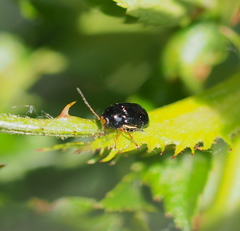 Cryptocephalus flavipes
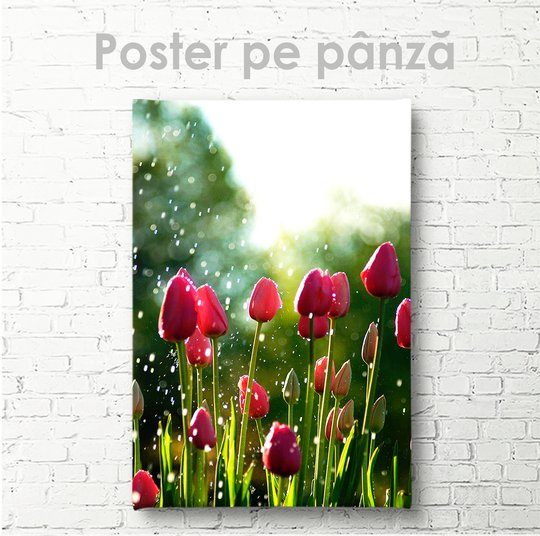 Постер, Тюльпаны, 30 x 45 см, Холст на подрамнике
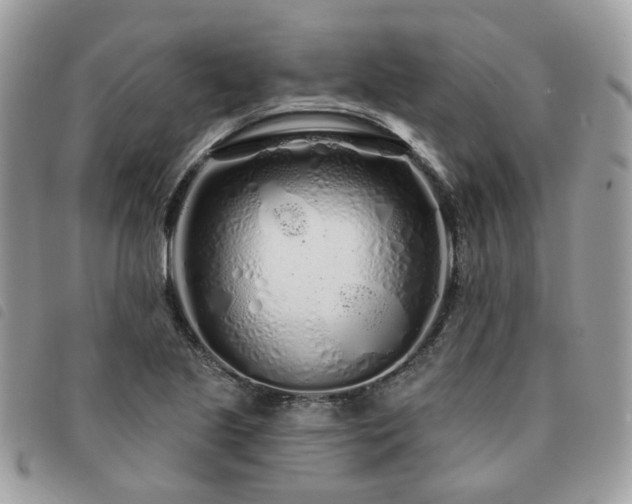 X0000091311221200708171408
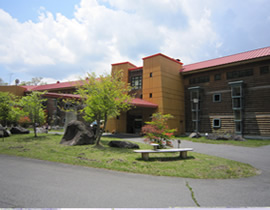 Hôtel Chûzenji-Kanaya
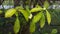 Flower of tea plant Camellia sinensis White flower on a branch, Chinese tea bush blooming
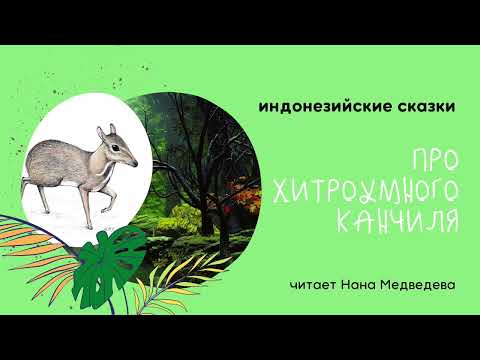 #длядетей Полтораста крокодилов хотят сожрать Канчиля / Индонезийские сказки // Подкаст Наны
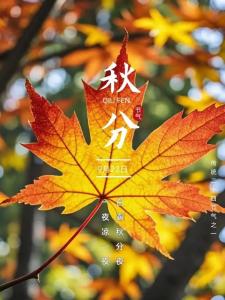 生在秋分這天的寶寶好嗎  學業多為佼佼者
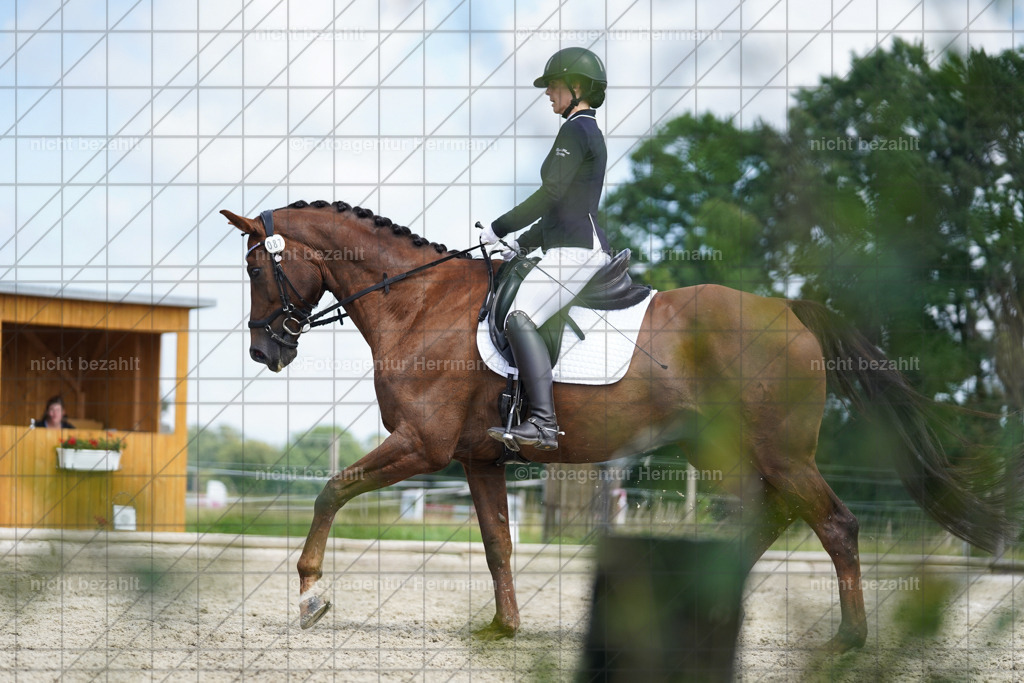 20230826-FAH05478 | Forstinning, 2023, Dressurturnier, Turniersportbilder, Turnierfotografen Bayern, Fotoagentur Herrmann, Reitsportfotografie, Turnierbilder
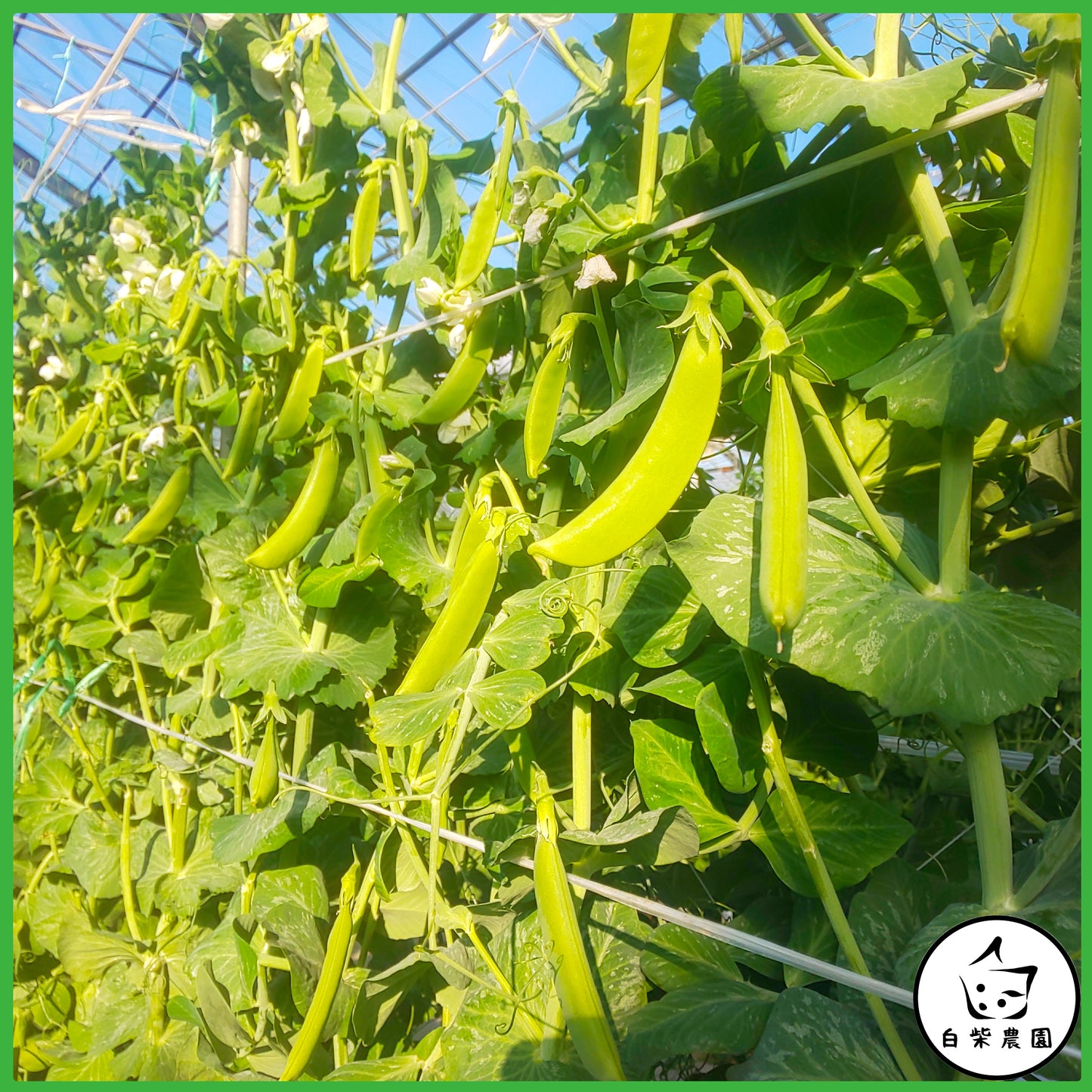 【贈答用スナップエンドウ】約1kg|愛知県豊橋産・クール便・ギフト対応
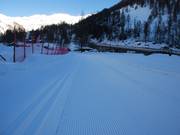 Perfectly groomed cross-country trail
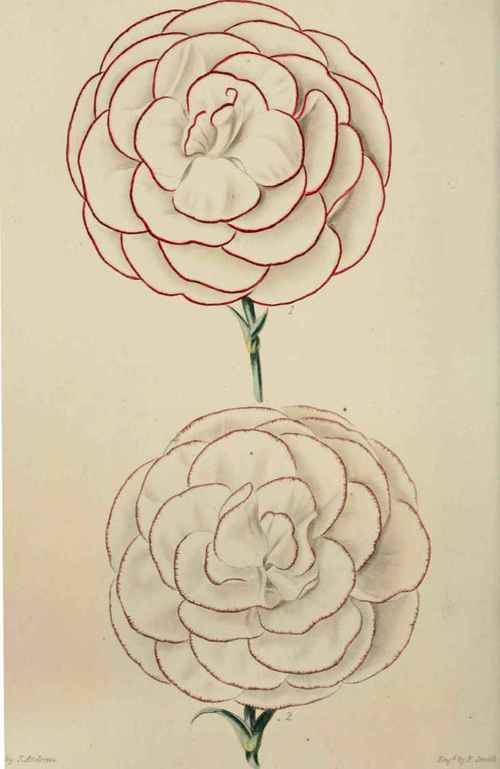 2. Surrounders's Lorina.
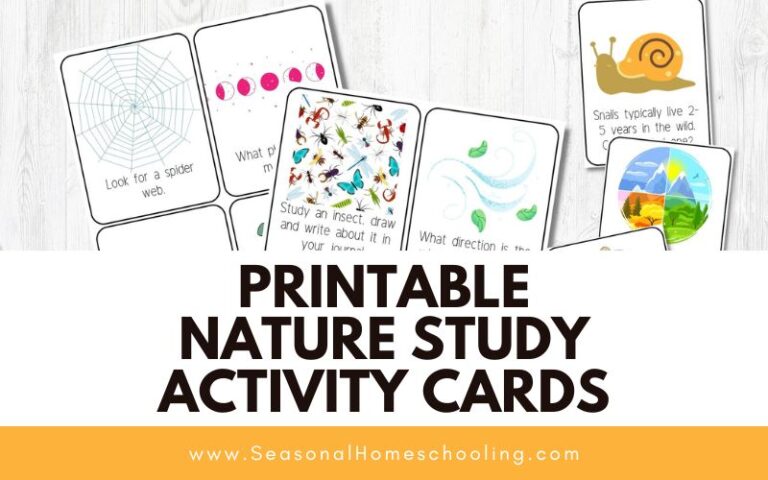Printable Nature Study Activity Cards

# BRIEF:
Omit the pictures, then give every record back exactly as it stands.

# ANSWER BOX:
 Cryptocephalus flavipes
 Постер, Тюльпаны, 30 x 45 см, Холст на подрамнике
 X0000091311221200708171408
 Hôtel Chûzenji-Kanaya
 Flower of tea plant Camellia sinensis White flower on a branch, Chinese tea bush blooming
 #длядетей Полтораста крокодилов хотят сожрать Канчиля / Индонезийские сказки // Подкаст Наны
 生在秋分這天的寶寶好嗎  學業多為佼佼者
 20230826-FAH05478 | Forstinning, 2023, Dressurturnier, Turniersportbilder, Turnierfotografen Bayern, Fotoagentur Herrmann, Reitsportfotografie, Turnierbilder
 【贈答用スナップエンドウ】約1kg|愛知県豊橋産・クール便・ギフト対応
 Perfectly groomed cross-country trail
 2. Surrounders's Lorina.
Printable Nature Study Activity Cards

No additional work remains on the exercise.